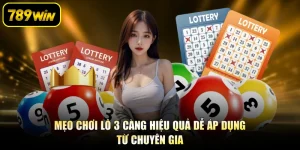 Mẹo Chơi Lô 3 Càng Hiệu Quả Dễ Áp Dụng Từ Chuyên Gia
※ ※ ※
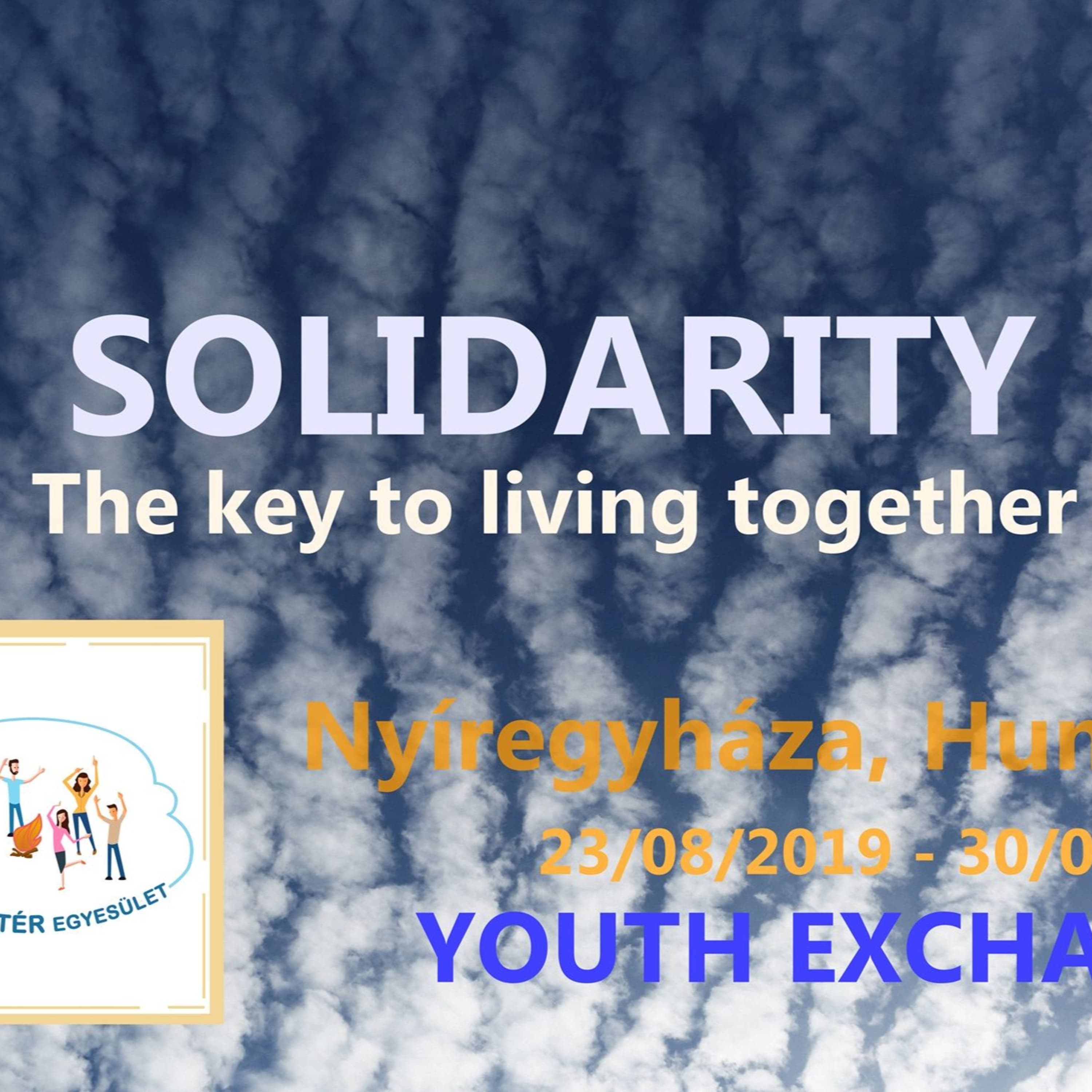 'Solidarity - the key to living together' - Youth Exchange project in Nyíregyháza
※ ※ ※
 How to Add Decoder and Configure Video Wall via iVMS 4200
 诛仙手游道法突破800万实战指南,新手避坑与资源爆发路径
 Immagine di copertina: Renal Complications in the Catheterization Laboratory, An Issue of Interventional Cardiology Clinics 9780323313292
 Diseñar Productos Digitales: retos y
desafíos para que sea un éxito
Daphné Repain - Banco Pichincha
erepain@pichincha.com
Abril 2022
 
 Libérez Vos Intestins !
※ ※ ※
• _DIRECTIONS FOR THIS TASK_: Copy out the lines above exactly, beginning at the one that contains "Immagine di copertina: Renal" and ending at the one that contains "Libérez Vos Intestins !".

• _WRITTEN ANSWER_:
 Immagine di copertina: Renal Complications in the Catheterization Laboratory, An Issue of Interventional Cardiology Clinics 9780323313292
 Diseñar Productos Digitales: retos y
desafíos para que sea un éxito
Daphné Repain - Banco Pichincha
erepain@pichincha.com
Abril 2022
 
 Libérez Vos Intestins !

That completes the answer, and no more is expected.